I mentioned a week or so ago that I had started on a sort of vignette piece without a traditional narrative to it. I’m calling it “Men at Work and Play,” and that’s pretty much all that it involves. No great epiphanies. No earth-changing revelations or character developments. It’s more like a snapshot of a day with my three main characters. Because of this, I was flailing around a bit trying to figure out what to put in and what to leave out. I have a long skinny dipping scene that I’m probably going to take out or at least condense considerably. A cigar-smoking scene that I’ll probably just incorporate by reference. A work scene that I can fit in through flashback. I guess the story is mostly culmination rather than development. I don’t suppose that makes much sense out of context, but as I said, I’ve been flailing. I did manage to re-order some of the things I have written for it, and that seems to have made a difference. The same has been the case with a couple of other stories in this cycle. I wrote scenes for them but wasn’t sure how to stitch them together. Then, once I juggled things a bit, the right sequence presented itself. Perhaps that will happen here.

I haven’t received any rejections lately, but I did manage to whip up enough initiative to send my story “Travel Light” to another likely publication. Why not, right?

I was also racing to “finish” one of the Fathers and Sons stories for a submission deadline. It’s called “Comfortable in his skin,” and it’s about the memories of a childhood visit to the family cabin. The magazine had a call out for stories about childhood, and the deadline is fast approaching. I’m not sure if the story is altogether finished, but I’ve given it a lot of attention in these last few days. Each visit seems to result in a change, I hope a change for the better. Anyway, the story went off yesterday. There is no information about response time, but the issue in question will come out in February. I’ll just gnaw on my fingernails until then.

And I’ve actually had an idea for a story completely outside of the Fathers and Sons universe. This seems significant because although I am happy to continue to develop those stories, it is a bit unnerving to thing that nothing else will ever come to me. Now I see that this won’t be the case. This new story, which I don’t have a title for and not much of a plot for, deals with the theme of unselfing. If you’ve read this blog for a while, you know that I’m a great Iris Murdoch reader. Unselfing is a key concept in her novels.

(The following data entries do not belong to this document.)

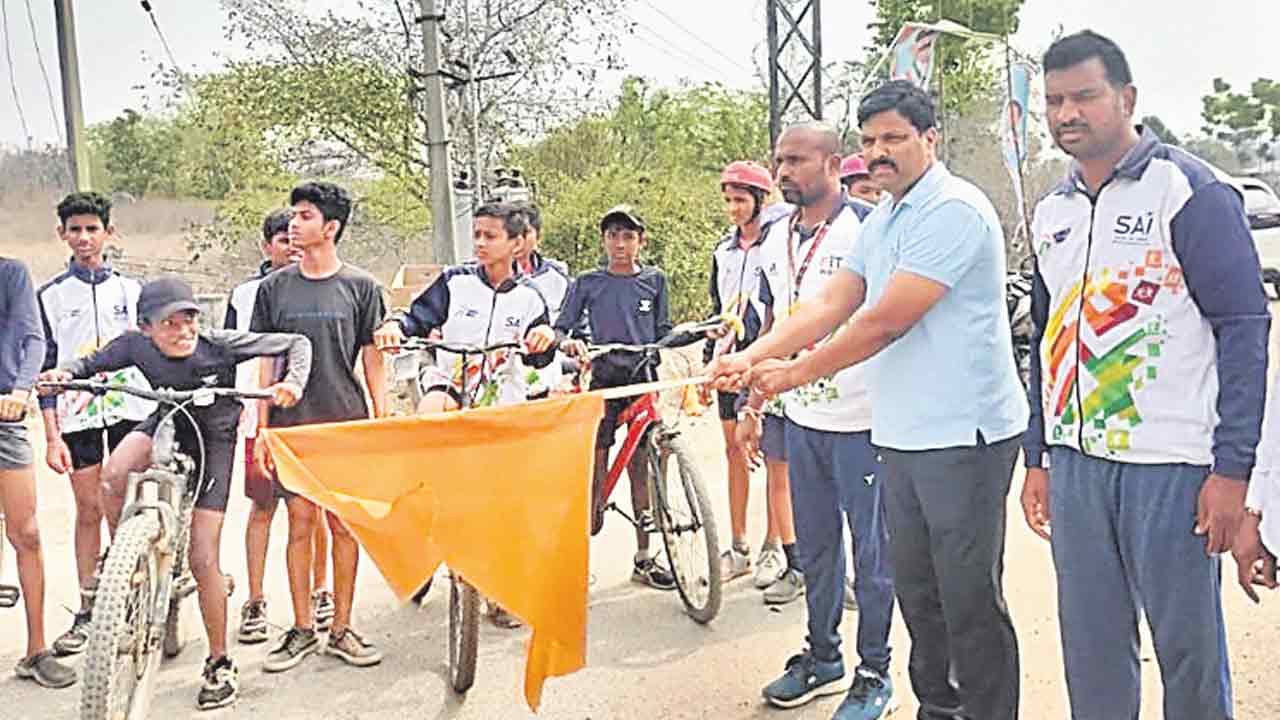 విద్యార్ధులు క్రీడల్లో రాణించాలి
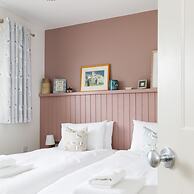 Pretty Coastal Home in Bosham Close to Water
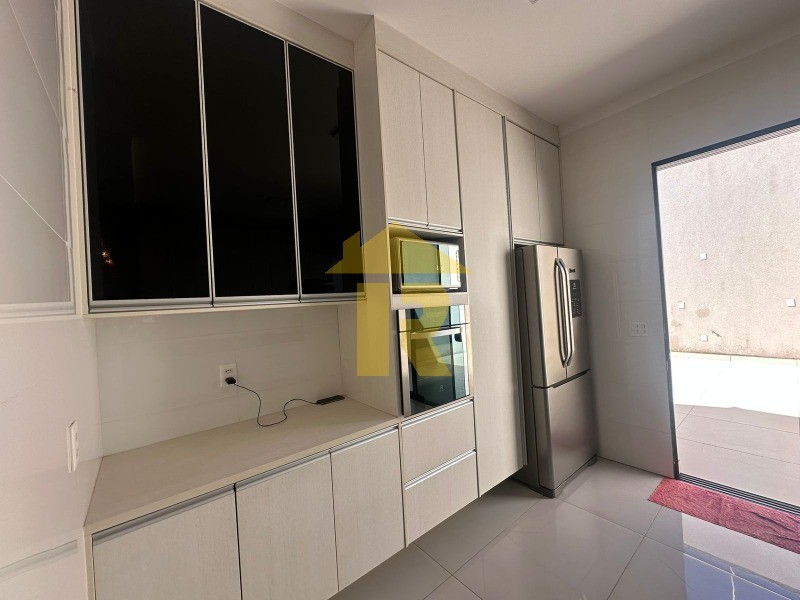 Casa com 3 quartos à venda, 200m² — foto 10 de 31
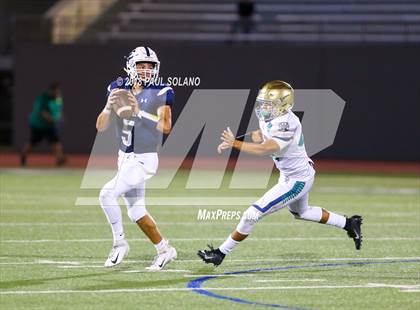 Thumbnail 3 in Central Catholic @ Holy Cross photogallery.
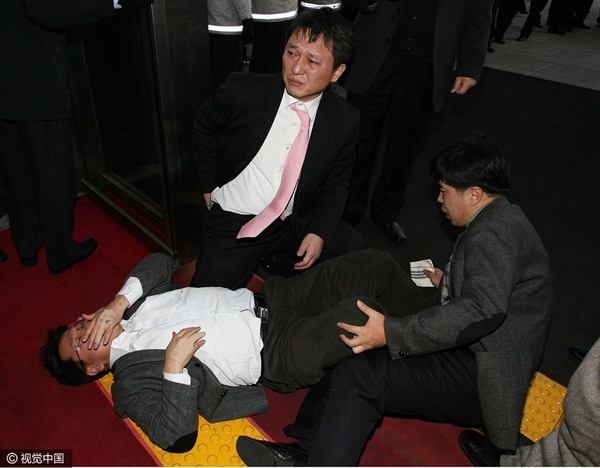 开会打架互呛不稀奇 拔枪泄愤历史罕见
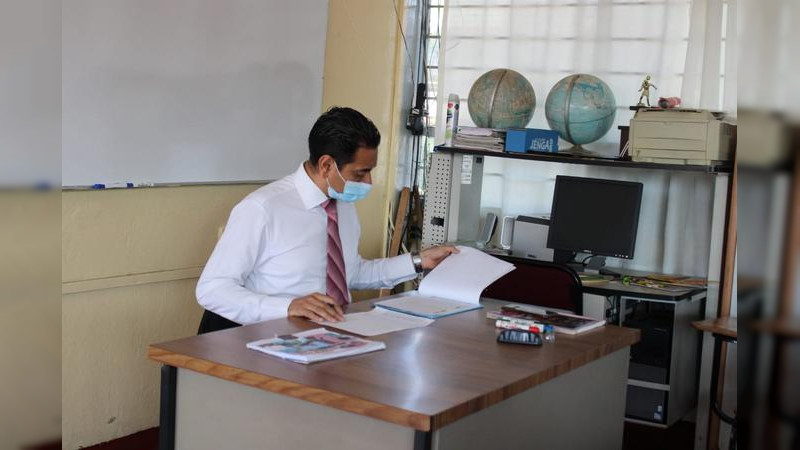  Secretaría de Educación de Michoacán refrenda compromiso con el magisterio y paga promoción horizontal 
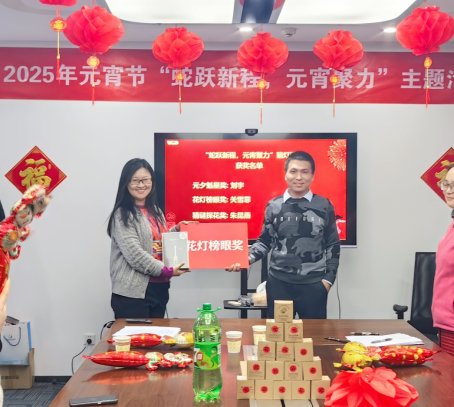 桌子上放滿了不同類型的海報

AI 生成的內(nèi)容可能不正確。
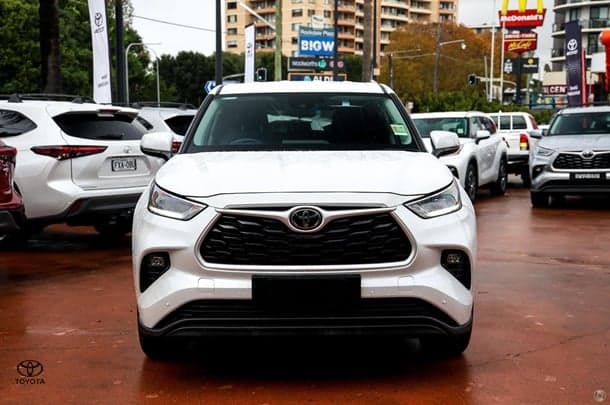 2025 Toyota Kluger GX AWD in White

Of course many religious doctrines have their own definition of unselfing, but for Murdoch it comes down to “overcoming of the self-centeredness that prevents us from loving others as separate existences.” It is ┬áreally hard work, according to Murdoch, to fully recognize that other people have existences outside of our perception of them, that we are merely footnotes in the books of their lives. So I’m thinking of grappling with that weighty concept in a short story. We’ll see if I’m up to the task.

Finally, yes, I’m still running around like a fool. I like the solitude. And my knee seems to be holding up despite earlier indications to the contrary.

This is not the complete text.